Work instruction: Pictures are to be left out, and the rest of the records reproduced exactly.

Data excerpts:
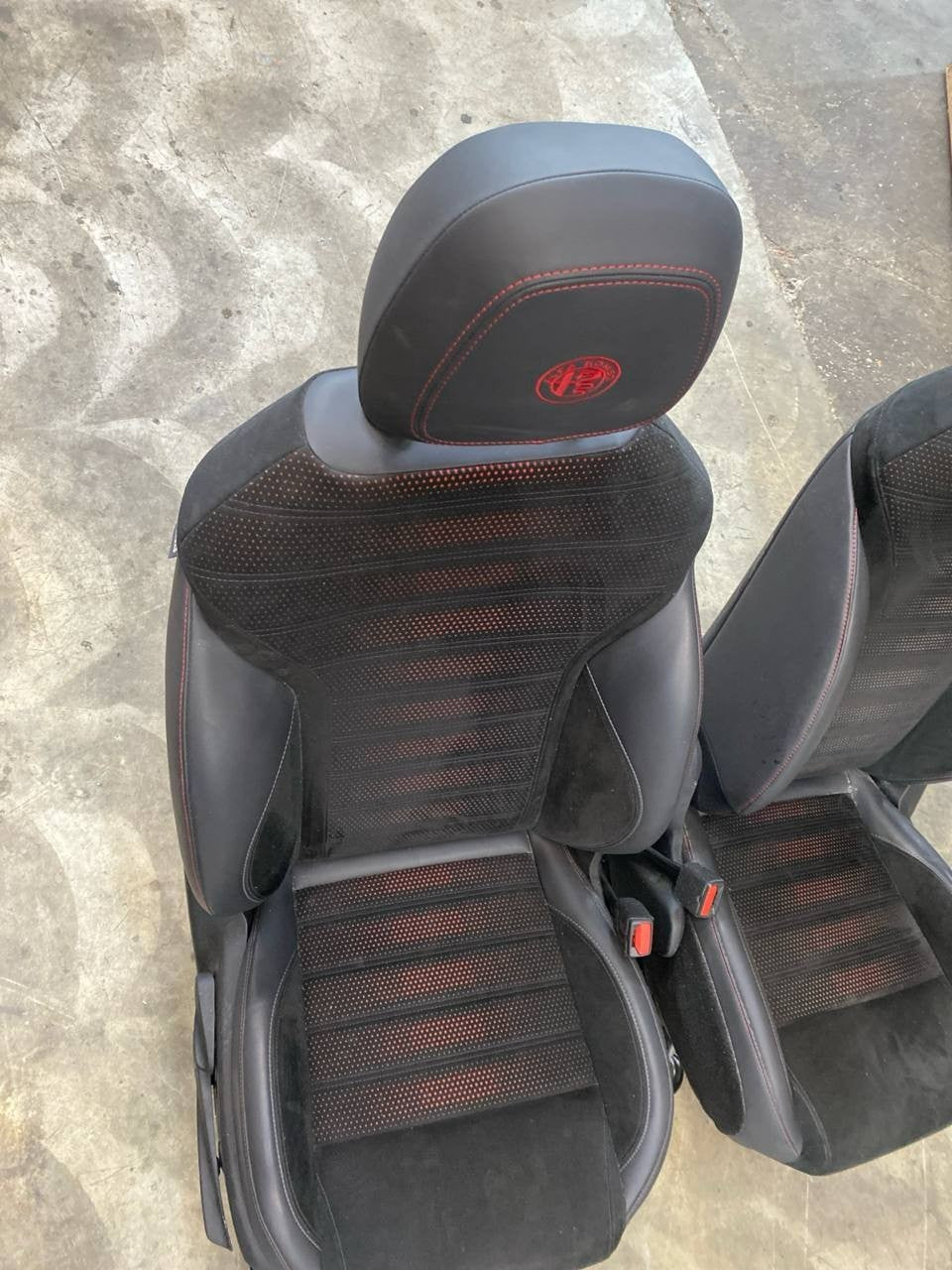 Tappezzeria Alfa Romeo Tonale dal 2022 pelle e alcantara senza airbag sedili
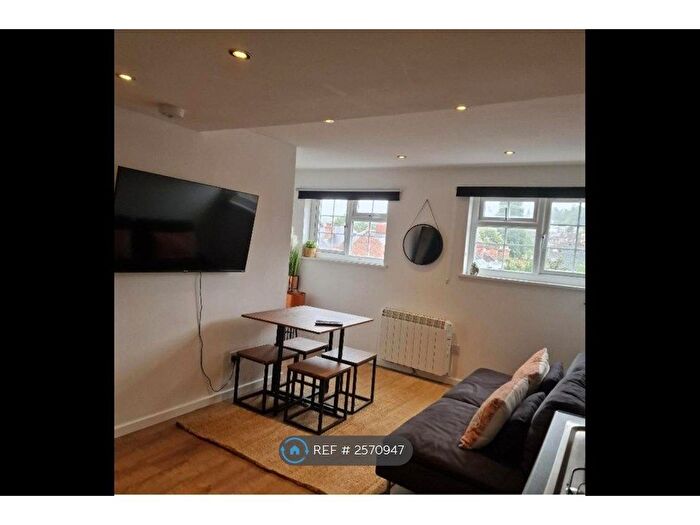 2 Bedroom Flat To Rent In Mansfield Road, Nottingham, NG5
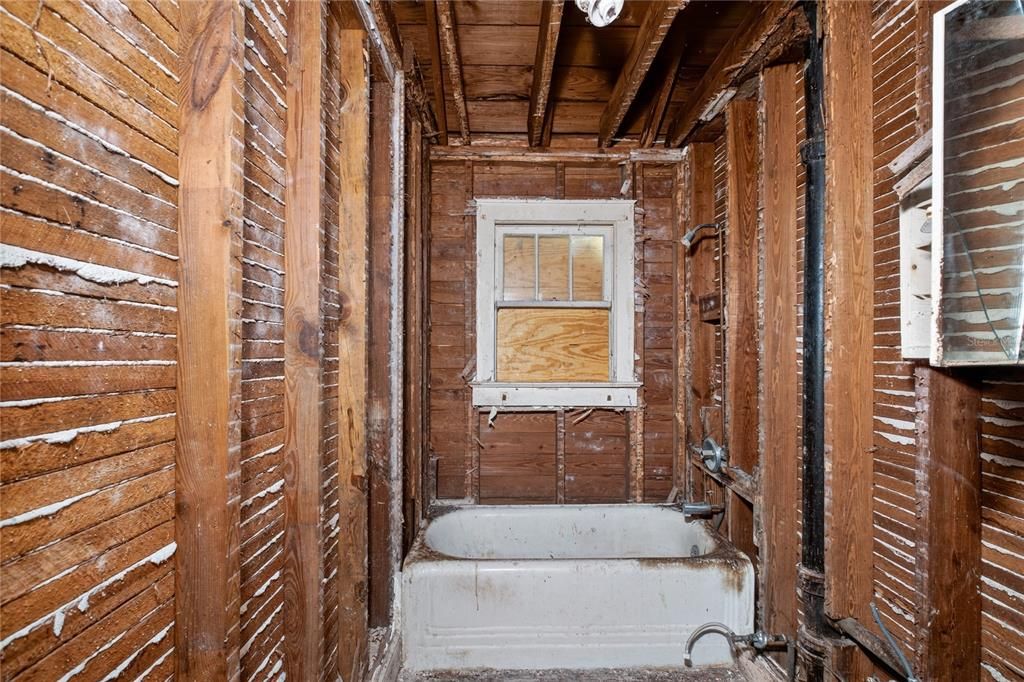 For Sale: $319,000 (3 beds, 1 baths, 1210 Square Feet)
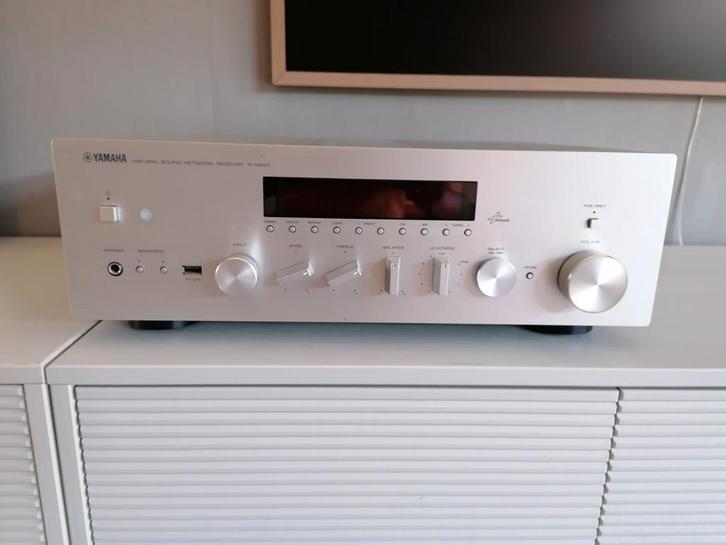 Yamaha netwerk receiver met spotify connect en phono ingang, Audio, Tv en Foto, Versterkers en Receivers, Zo goed als nieuw, Stereo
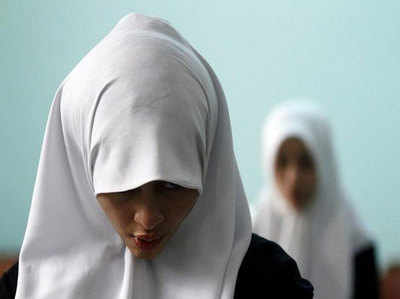 अमेरिका: स्कूल के सुरक्षाकर्मी ने जबरन मुस्लिम छात्रा का हिजाब हटाया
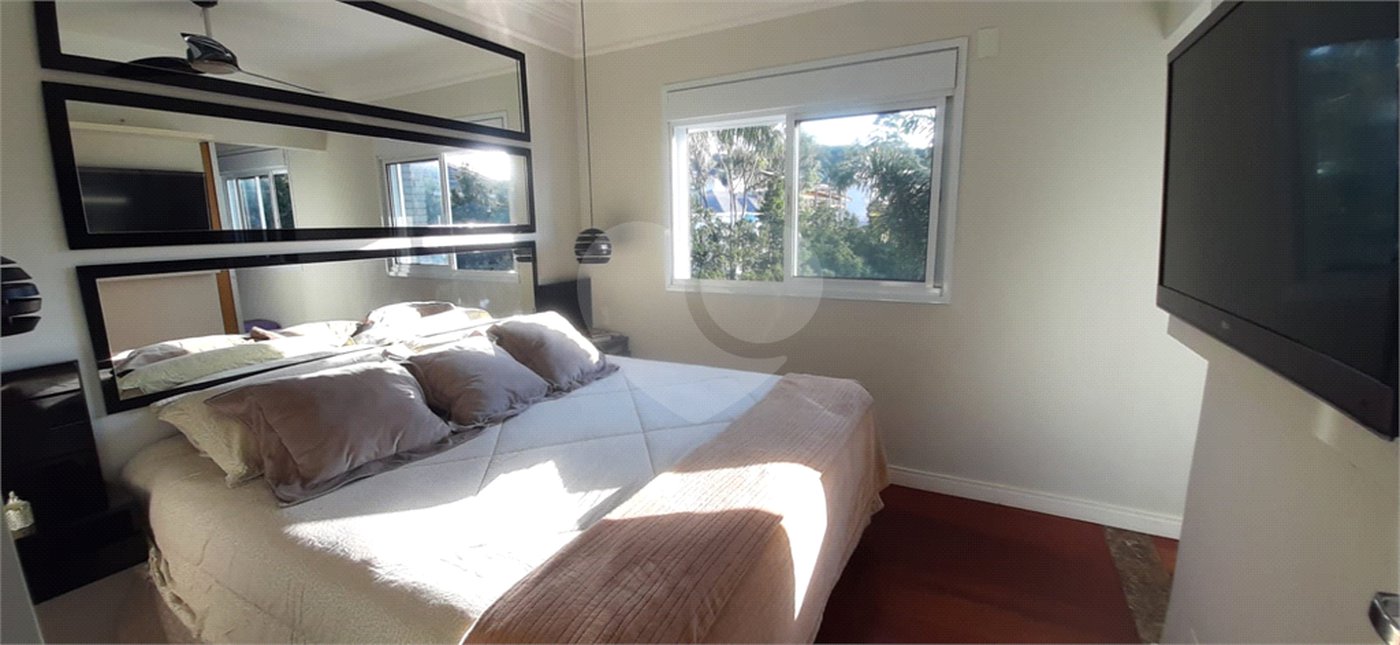 Casa à venda com 4 suítes no condomínio Suíça da Cantareira, Mairiporã - SP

Task answer:
 Tappezzeria Alfa Romeo Tonale dal 2022 pelle e alcantara senza airbag sedili
 2 Bedroom Flat To Rent In Mansfield Road, Nottingham, NG5
 For Sale: $319,000 (3 beds, 1 baths, 1210 Square Feet)
 Yamaha netwerk receiver met spotify connect en phono ingang, Audio, Tv en Foto, Versterkers en Receivers, Zo goed als nieuw, Stereo
 अमेरिका: स्कूल के सुरक्षाकर्मी ने जबरन मुस्लिम छात्रा का हिजाब हटाया
 Casa à venda com 4 suítes no condomínio Suíça da Cantareira, Mairiporã - SP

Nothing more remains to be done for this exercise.